About this exercise >> Extract the lines from the first one in the records below through the line containing "暖炉の前でブランケットに包ま", keeping both ends and leaving out any pictures.

►

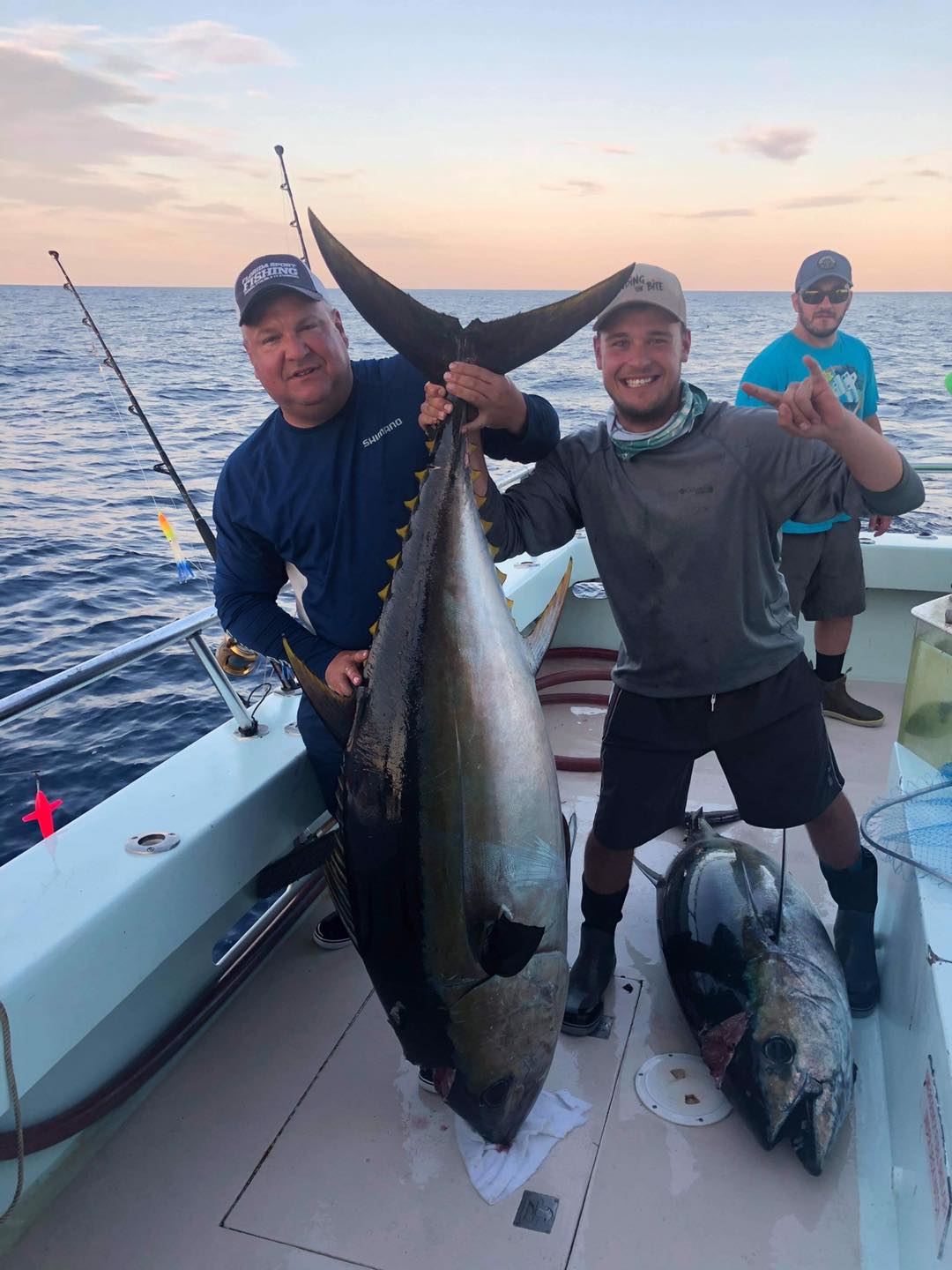 a man holding a fish in the water
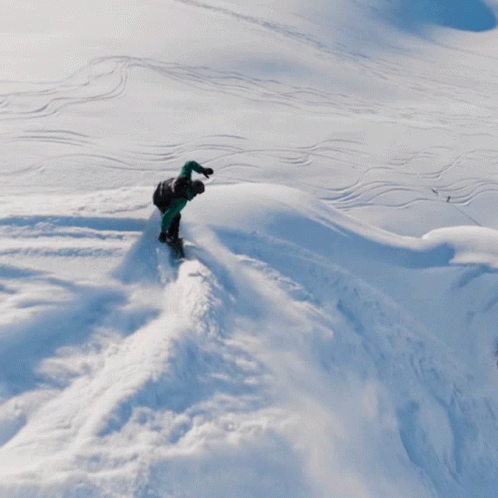 a person in snow gear climbing through the snow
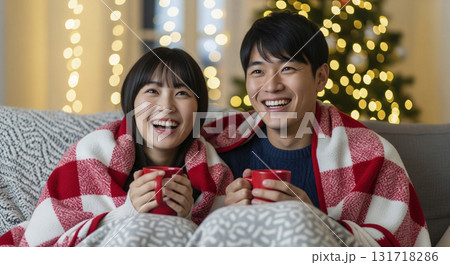暖炉の前でブランケットに包まり、恋人たちがホットココアを飲みながら寄り添っている 131718286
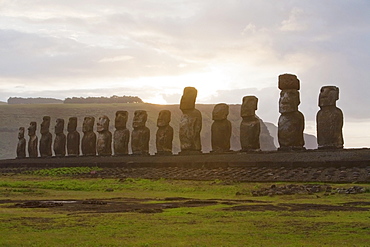 Fifteen moais from different periods, restored by archaeologist Claudio Cristino, at Ahu Tongariki at dawn, Rapa Nui (Easter Island), Chile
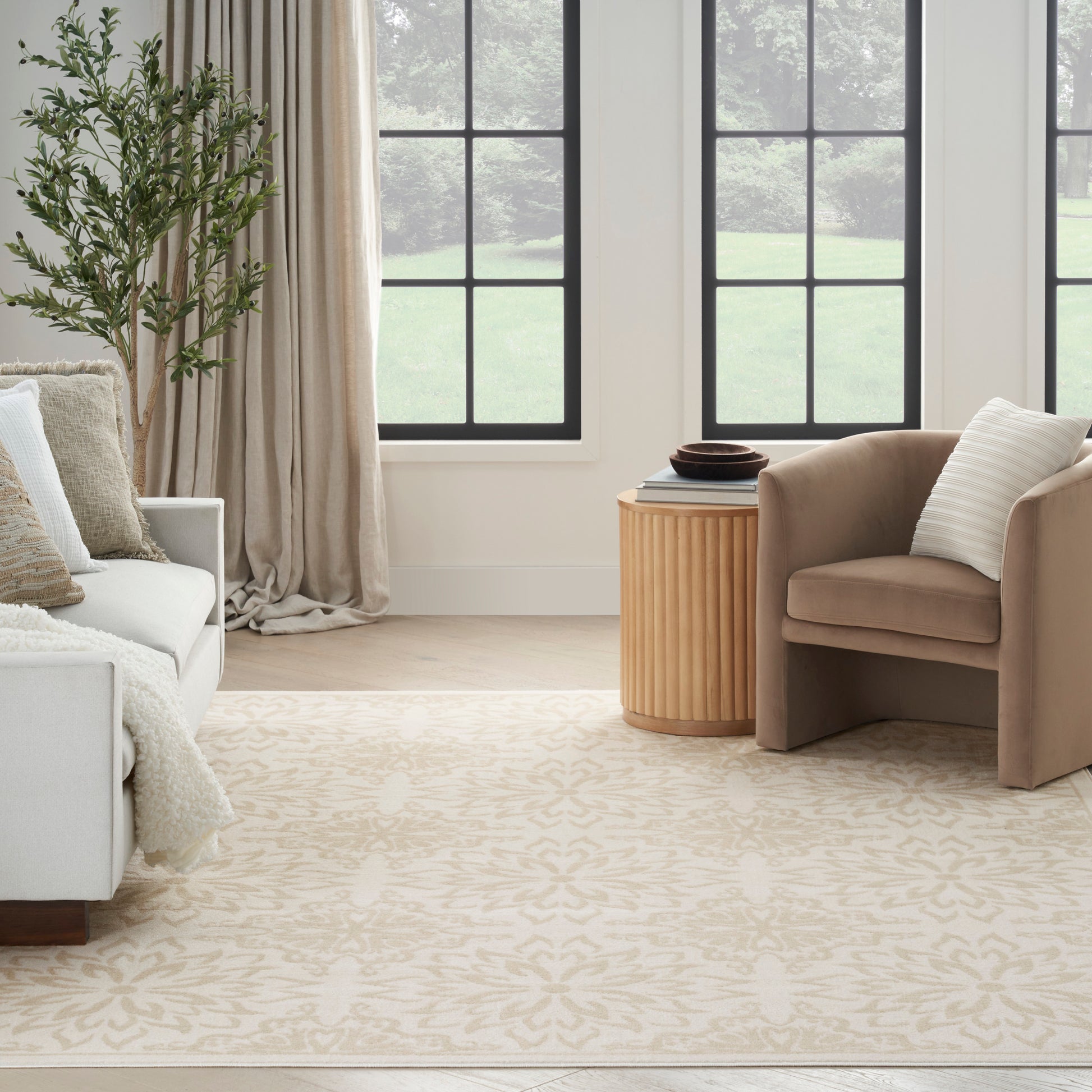 Neutral living room with beige armchair, white sofa, cream damask rug, round wood side table, plant, black-framed windows.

◄

Result of this exercise >>
 a man holding a fish in the water
 a person in snow gear climbing through the snow
暖炉の前でブランケットに包まり、恋人たちがホットココアを飲みながら寄り添っている 131718286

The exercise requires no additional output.